DATASET EXTRACT section start

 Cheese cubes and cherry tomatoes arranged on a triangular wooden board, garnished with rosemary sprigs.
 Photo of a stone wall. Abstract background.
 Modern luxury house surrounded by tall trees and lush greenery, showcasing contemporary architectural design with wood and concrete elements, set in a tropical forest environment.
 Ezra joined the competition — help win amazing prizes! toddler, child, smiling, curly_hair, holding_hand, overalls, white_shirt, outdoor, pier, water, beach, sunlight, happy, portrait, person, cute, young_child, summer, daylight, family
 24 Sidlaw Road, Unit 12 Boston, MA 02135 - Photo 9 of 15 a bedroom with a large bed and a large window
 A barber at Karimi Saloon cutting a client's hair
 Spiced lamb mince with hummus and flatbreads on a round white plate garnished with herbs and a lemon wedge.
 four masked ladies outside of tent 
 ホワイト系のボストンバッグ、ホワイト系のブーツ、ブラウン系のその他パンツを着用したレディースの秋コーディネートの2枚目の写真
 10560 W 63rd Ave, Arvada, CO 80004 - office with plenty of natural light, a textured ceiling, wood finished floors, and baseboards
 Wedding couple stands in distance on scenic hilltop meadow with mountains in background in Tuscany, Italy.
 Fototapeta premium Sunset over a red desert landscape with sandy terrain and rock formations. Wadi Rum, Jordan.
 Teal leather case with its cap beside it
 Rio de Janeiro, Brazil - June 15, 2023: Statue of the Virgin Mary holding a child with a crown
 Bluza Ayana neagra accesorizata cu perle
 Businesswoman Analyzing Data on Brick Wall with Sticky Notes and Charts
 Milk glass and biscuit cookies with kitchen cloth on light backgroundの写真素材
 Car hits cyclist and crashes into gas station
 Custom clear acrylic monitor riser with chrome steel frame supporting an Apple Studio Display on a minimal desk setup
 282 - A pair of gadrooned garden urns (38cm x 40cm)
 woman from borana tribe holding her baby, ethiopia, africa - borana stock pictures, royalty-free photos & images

DATASET EXTRACT section end

EXERCISE
Give back, verbatim, the lines from the top of the entries above through the line containing "Modern luxury house".

FINISHED TASK
 Cheese cubes and cherry tomatoes arranged on a triangular wooden board, garnished with rosemary sprigs.
 Photo of a stone wall. Abstract background.
 Modern luxury house surrounded by tall trees and lush greenery, showcasing contemporary architectural design with wood and concrete elements, set in a tropical forest environment.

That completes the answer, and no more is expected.